Ok, the crux of the matter. Can someone please suggest the best way to get this piece remounted so it's well centered so I don't have to turn off another 1/2" of wood. What I have now is really a beautiful piece of wood that is nicely polished and that's without a finish and if I can get it perfectly centered, or very close, I won't have to re-turn it and refinish it by sanding.

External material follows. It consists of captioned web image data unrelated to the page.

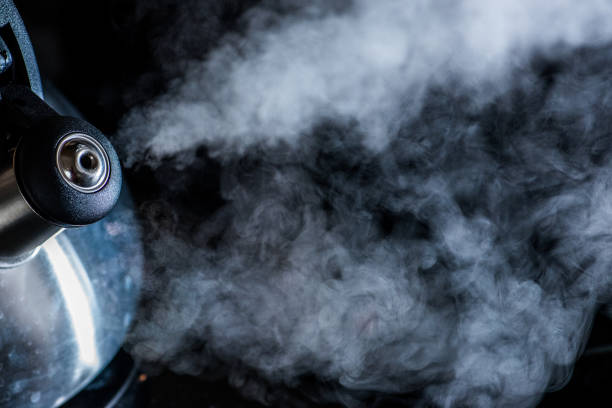istock Steam going out of boiling tea kettle - close up shot 1186707518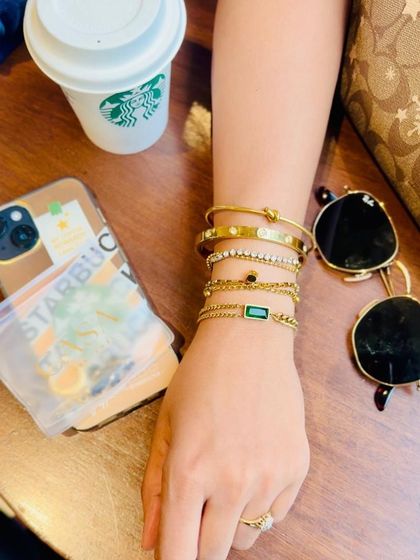 A flatlay-lifestyle hybrid, this shot features a model's arm stacked with bracelets alongside cafe-themed props like a coffee cup and sunglasses. It creates a complete visual story for a social media post.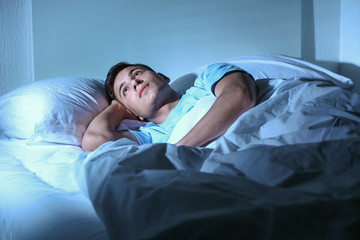Young man suffering from insomnia while lying in bed at night
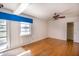 Bedroom with hardwood floors, water views, and built-in closet at 115 N Lake Florence Dr, Winter Haven, FL 33884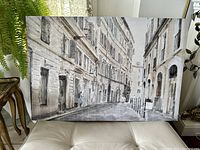 Full front view of the large canvas art depicting an empty European city street with tall buildings and arches in neutral colors, positioned on a white cushioned surface indoors.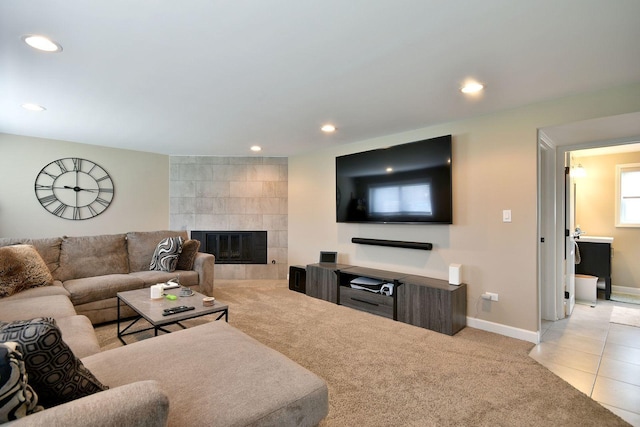 tiled living area with carpet flooring, recessed lighting, baseboards, and a fireplace
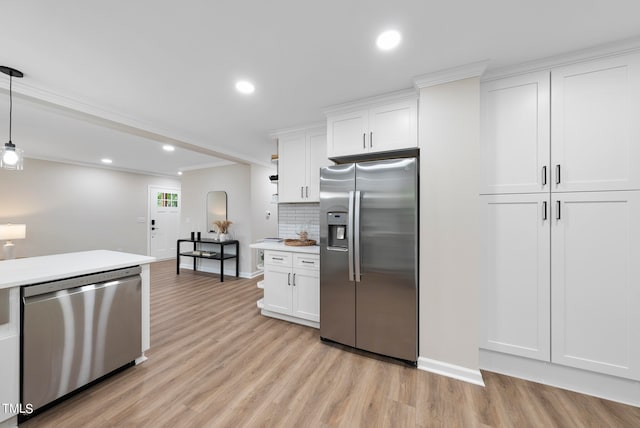 kitchen with pendant lighting, light wood-type flooring, tasteful backsplash, white cabinetry, and stainless steel appliances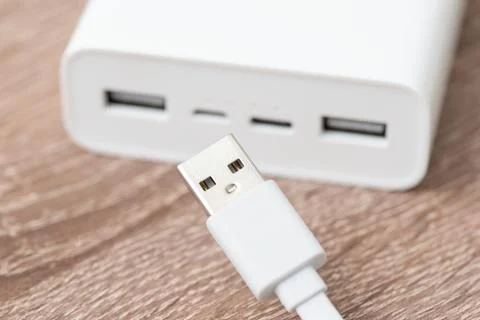 USB type A cable in front of big white powerbank Stock Photos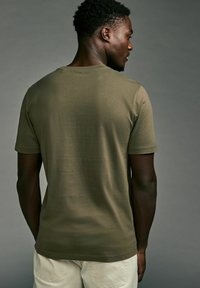 Olivgrünes kurzärmliges T-Shirt mit Rundhalsausschnitt, aus einem weichen, glatten Stoff; taillierte Form und minimale Nähdetails.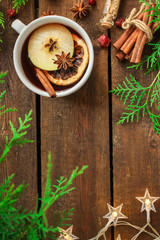 Obraz na płótnie Canvas Christmas mulled wine on a wooden table. Traditional hot drink at Christmas (red wine with spices, New Year's Eve, Noel holiday festive) x-mas flat lay. food background. copy space. Top viev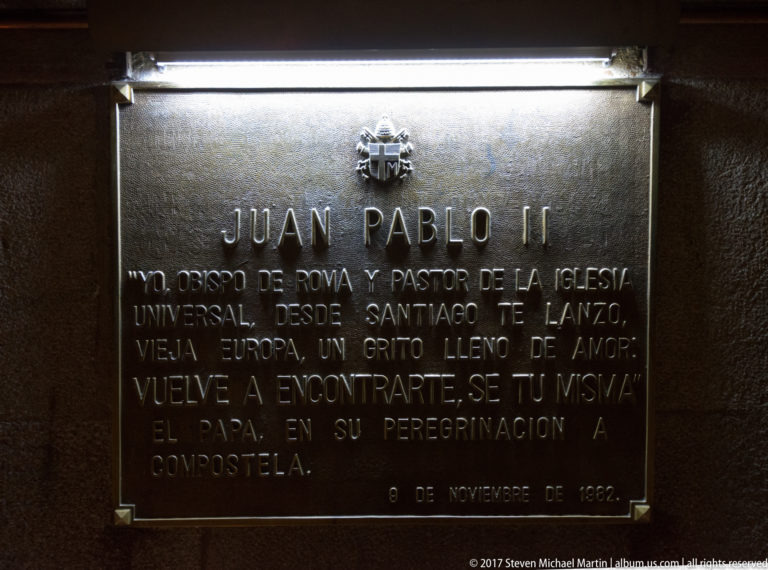Illuminated wall plaque headed “JUAN PABLO II” with Spanish text commemorating his 1982 pilgrimage to Santiago.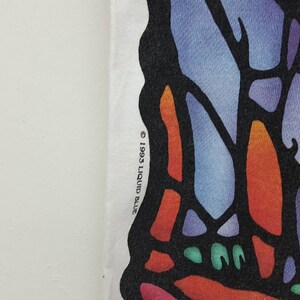 Puede incluir: Una camiseta blanca con un dise&ntilde;o de mariposa de vitral de colores. El texto "&copy; 1993 LIQUID BLUE" est&aacute; impreso en la esquina inferior derecha de la camiseta.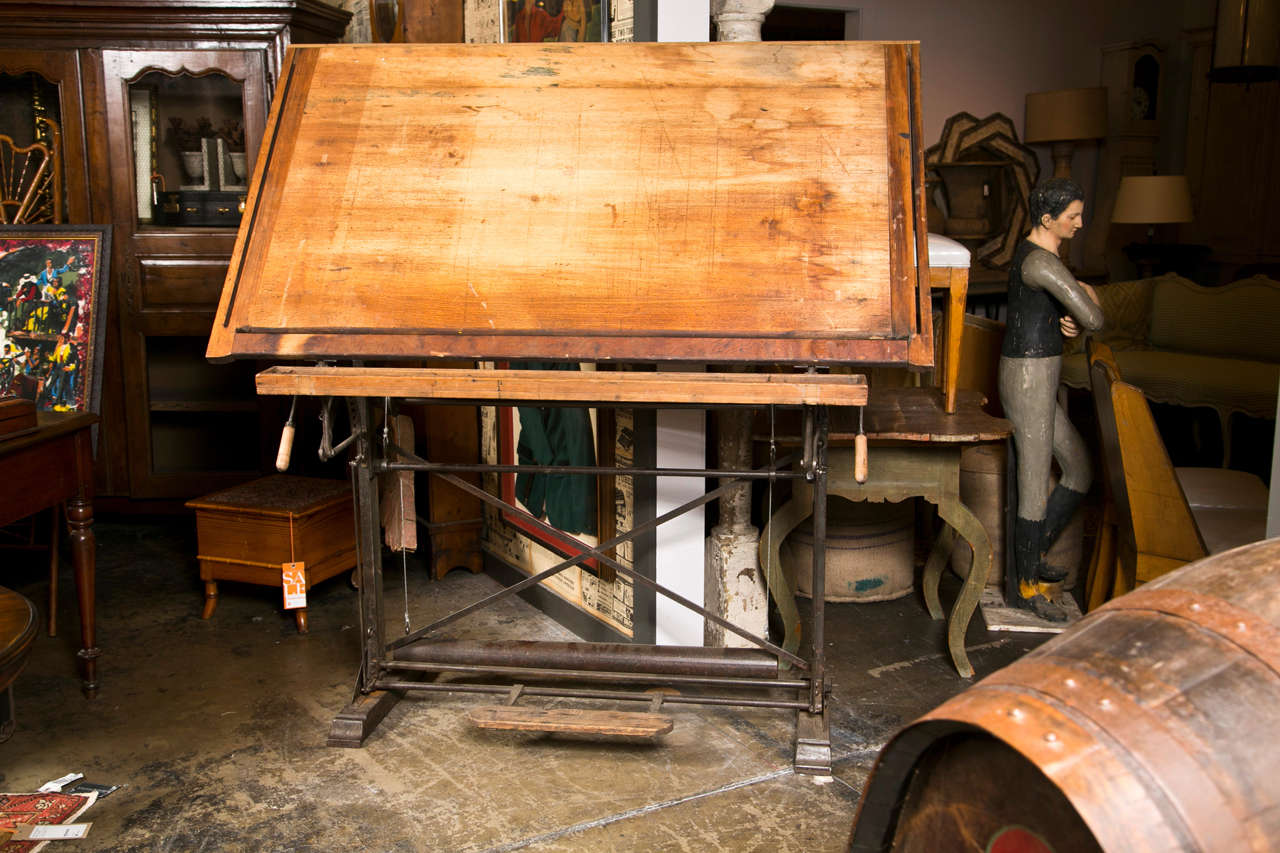 American beech wood drafting table with cast iron base and pine foot rest, c. 1900-40. The top height when flat is 36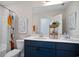 Bathroom with a double sink vanity, colorful shower curtain and modern decor at 4019 Bucolic Loop, Myrtle Beach, SC 29588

Any thoughts on this would be helpful.

Thanks very much,

KarateEd......


----------



## nzgeordie (Oct 22, 2006)

Ed. I might be way off the mark here trying to visualize the problem but would it be possible to fix another piece of oversized sacrificial wood to the base, jam-fit your workpiece to the headstock and turn down the sacrificial piece so it's 'true' to your workpiece? You can then reverse the whole shebang with your new base into the chuck.


----------



## bobj3 (Jan 17, 2006)

Hi Ed

It's real hard to get it on dead center again, just let it be and mark it up as a well learned lesson and don't use pressboard for a base turning next time ,  and count yourself lucky it didn't nail you when it came off .

Bj


----------



## challagan (Feb 7, 2006)

It sounds like you were just turning a tennon for the chuck. If you had it between centers I am suprised you tore it loose just doing that, but I would avoid pressboard and mdf if it was me and don't ever use drywall screws to attach a scraficial block. Just add another WOOD block and get it close as you can to center. Make sure you square it up again and turn the tennon and mount it her up in your chuck. 

Corey


----------



## karateed (Feb 7, 2006)

Thanks all for your suggestions, of course I won't be using pressboard again....learned my lesson on that one.....


----------



## BernieW (Sep 12, 2006)

I would never use pressed wood or even plywood for that matter for my sacrificial piece. I have had both seperate on me. I use solid wood for my sacrificial piece. The other thing that may have helped is if you had the tailstock up against the piece holding it. I noticed you didn't say you had it holding the piece. If I am putting a tenon on for a chuck no matter if I am using a faceplate or sacrificial block I always use the tailstock. Keeps the piece in place and as well for safety. Not only that when you put it back on the lathe the back end is centered if you leave the hole the tailstock makes there. When you bring the tailstock up it is centered right back where you left it.


----------